ISLR Home

Question

p299

In this exercise, you will further analyze the Wage data set considered throughout this chapter.

  1. Perform polynomial regression to predict wage using age. Use cross-validation to select the optimal degree d for the polyno- mial. What degree was chosen, and how does this compare to the results of hypothesis testing using ANOVA? Make a plot of the resulting polynomial fit to the data.

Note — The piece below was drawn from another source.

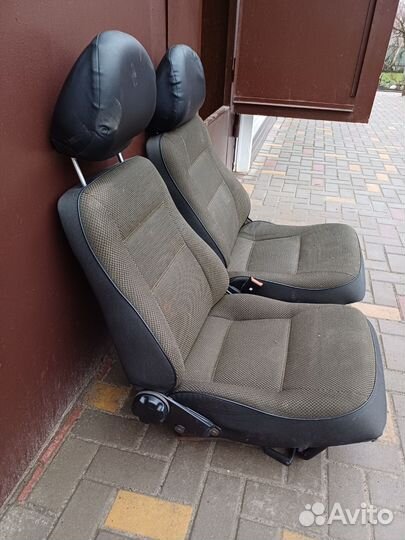Передние сидения ваз 2114
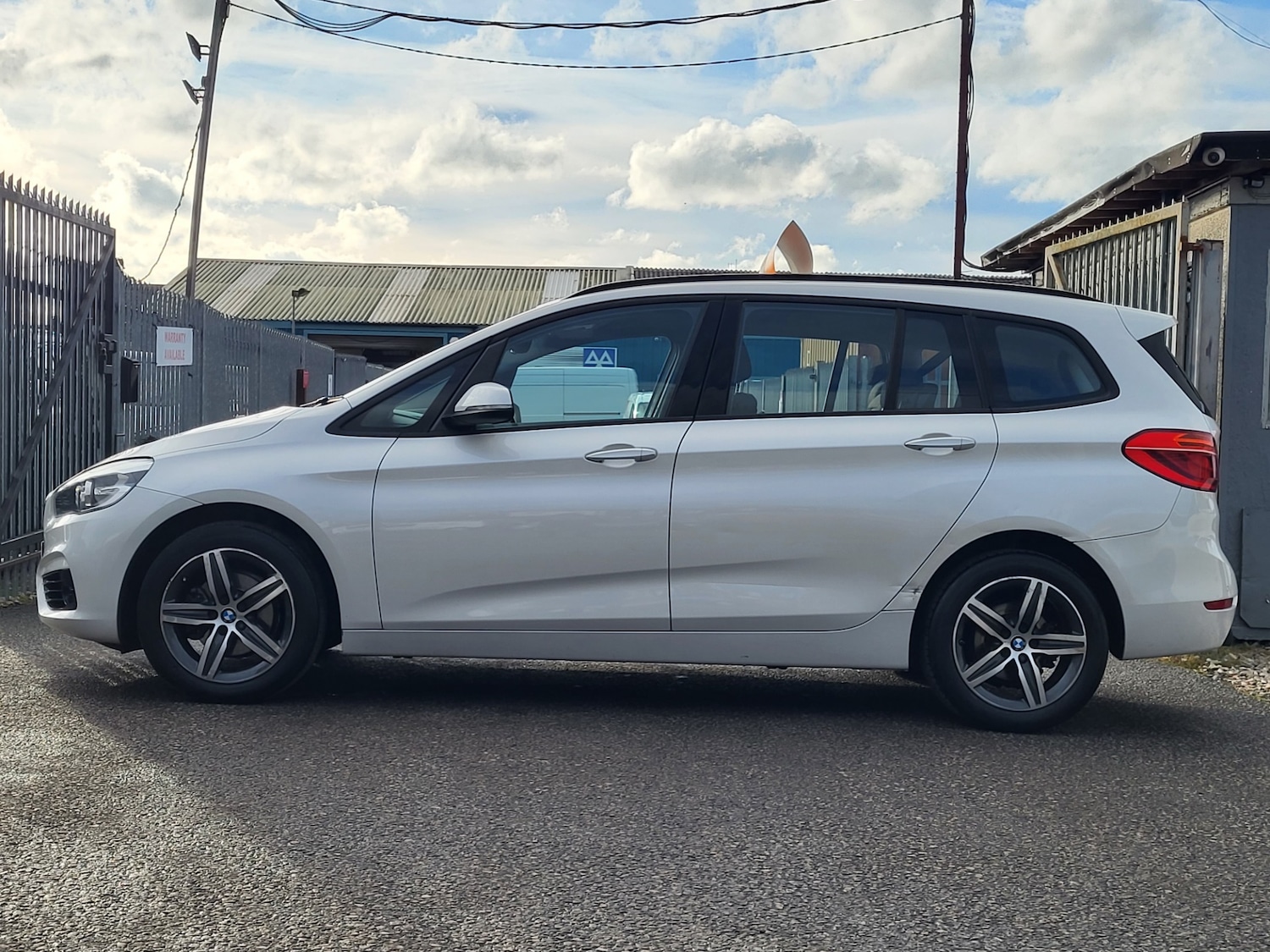 Used BMW 2 Series 2015 for sale - 77247458: Photo 17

  2. Fit a step function to predict wage using age, and perform cross-validation to choose the optimal number of cuts. Make a plot of the fit obtained.


library(ISLR)
library(boot)

6a

# Creating a placeholder for the cv errors
cv.error = rep(0, 5)

# Running a for loop to iterate through each polynomial and fitting data
for (i in 1:5) {
  # Fitting data the polynomial i
  glm.fit = glm(wage ~ poly(age, i), data=Wage)
  
  # Saving the CV estimate for the fit
  cv.error[i] = cv.glm(Wage, glm.fit)$delta[1]
}

Plot CV Error

# Plotting the results of for loop
plot(c(1:5), cv.error)

Comments:

  • Based on the one-SE rule, the cv chooses the 3rd degree polynomial
  • The ANOVA chooses 4th degree polynomial

6b

cv.error = rep(0, 5)
# Running a for loop to iterate through each step function and fitting data
for (i in 2:5) {
  # Fitting data the polynomial i
  print(i)
  Wage$age.cut = cut(Wage$age, i)
  glm.fit = glm(wage ~ age.cut, data=Wage)
  
  # Saving the CV estimate for the fit
  cv.error[i] = cv.glm(Wage, glm.fit)$delta[2]
}
## [1] 2
## [1] 3
## [1] 4
## [1] 5

Plot CV Error

plot(c(2:5), cv.error[2:5], pch=20, cex=0.5, lwd=2)